### What you will do
Having found the line that holds "quarterbacks post-spring football", give that line and all lines after it again, word for word, through the end of the data below.

Stored entries
■ ■ ■ ■
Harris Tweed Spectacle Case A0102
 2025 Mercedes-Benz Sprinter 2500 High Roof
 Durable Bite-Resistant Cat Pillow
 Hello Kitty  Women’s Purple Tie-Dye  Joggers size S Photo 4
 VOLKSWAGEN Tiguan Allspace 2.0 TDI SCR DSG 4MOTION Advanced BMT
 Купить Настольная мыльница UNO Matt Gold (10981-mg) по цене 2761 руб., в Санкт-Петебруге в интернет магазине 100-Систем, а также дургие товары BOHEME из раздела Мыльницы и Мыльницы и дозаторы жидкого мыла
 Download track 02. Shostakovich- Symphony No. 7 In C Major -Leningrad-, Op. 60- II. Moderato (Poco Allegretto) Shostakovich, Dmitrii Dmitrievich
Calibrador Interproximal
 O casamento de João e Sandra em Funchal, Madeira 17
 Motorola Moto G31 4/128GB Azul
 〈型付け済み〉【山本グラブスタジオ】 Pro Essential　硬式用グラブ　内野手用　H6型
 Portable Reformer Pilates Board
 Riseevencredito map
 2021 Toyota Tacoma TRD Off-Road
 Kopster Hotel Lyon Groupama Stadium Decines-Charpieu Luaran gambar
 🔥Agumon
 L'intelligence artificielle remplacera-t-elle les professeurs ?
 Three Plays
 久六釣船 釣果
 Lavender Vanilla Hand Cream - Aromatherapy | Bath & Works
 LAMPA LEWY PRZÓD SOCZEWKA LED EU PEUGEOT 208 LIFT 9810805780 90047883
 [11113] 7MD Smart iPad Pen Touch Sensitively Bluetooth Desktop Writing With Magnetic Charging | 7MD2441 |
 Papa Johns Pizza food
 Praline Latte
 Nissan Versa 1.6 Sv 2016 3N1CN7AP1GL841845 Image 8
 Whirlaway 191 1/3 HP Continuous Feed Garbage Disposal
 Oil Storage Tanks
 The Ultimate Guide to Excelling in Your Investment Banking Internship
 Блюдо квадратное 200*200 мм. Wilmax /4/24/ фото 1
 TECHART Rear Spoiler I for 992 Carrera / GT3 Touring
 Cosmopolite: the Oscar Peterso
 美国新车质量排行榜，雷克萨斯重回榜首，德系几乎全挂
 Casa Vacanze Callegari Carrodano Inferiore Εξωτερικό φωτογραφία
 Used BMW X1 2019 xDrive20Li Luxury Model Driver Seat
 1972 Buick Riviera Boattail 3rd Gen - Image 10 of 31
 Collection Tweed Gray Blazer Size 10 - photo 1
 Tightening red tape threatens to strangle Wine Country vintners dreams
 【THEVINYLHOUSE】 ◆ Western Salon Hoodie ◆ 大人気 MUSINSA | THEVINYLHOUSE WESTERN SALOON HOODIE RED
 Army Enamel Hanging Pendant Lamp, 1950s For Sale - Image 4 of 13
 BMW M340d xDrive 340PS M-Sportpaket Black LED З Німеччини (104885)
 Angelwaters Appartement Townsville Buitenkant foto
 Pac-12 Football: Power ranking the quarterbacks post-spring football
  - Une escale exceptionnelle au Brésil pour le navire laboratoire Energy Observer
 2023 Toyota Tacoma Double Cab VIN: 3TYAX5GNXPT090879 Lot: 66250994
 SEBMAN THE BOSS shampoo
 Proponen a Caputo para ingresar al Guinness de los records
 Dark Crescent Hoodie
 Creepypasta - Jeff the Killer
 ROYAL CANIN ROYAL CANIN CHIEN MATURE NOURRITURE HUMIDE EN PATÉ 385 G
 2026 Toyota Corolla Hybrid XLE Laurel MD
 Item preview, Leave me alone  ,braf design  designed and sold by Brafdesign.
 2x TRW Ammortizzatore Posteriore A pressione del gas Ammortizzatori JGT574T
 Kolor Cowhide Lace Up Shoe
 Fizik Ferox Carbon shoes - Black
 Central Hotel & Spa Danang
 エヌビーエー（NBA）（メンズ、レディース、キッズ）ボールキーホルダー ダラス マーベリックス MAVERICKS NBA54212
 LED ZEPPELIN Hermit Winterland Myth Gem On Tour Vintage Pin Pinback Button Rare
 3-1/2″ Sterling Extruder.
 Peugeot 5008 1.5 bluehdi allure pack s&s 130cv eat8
■ ■ ■ ■
### Result for this task
 Pac-12 Football: Power ranking the quarterbacks post-spring football
  - Une escale exceptionnelle au Brésil pour le navire laboratoire Energy Observer
 2023 Toyota Tacoma Double Cab VIN: 3TYAX5GNXPT090879 Lot: 66250994
 SEBMAN THE BOSS shampoo
 Proponen a Caputo para ingresar al Guinness de los records
 Dark Crescent Hoodie
 Creepypasta - Jeff the Killer
 ROYAL CANIN ROYAL CANIN CHIEN MATURE NOURRITURE HUMIDE EN PATÉ 385 G
 2026 Toyota Corolla Hybrid XLE Laurel MD
 Item preview, Leave me alone  ,braf design  designed and sold by Brafdesign.
 2x TRW Ammortizzatore Posteriore A pressione del gas Ammortizzatori JGT574T
 Kolor Cowhide Lace Up Shoe
 Fizik Ferox Carbon shoes - Black
 Central Hotel & Spa Danang
 エヌビーエー（NBA）（メンズ、レディース、キッズ）ボールキーホルダー ダラス マーベリックス MAVERICKS NBA54212
 LED ZEPPELIN Hermit Winterland Myth Gem On Tour Vintage Pin Pinback Button Rare
 3-1/2″ Sterling Extruder.
 Peugeot 5008 1.5 bluehdi allure pack s&s 130cv eat8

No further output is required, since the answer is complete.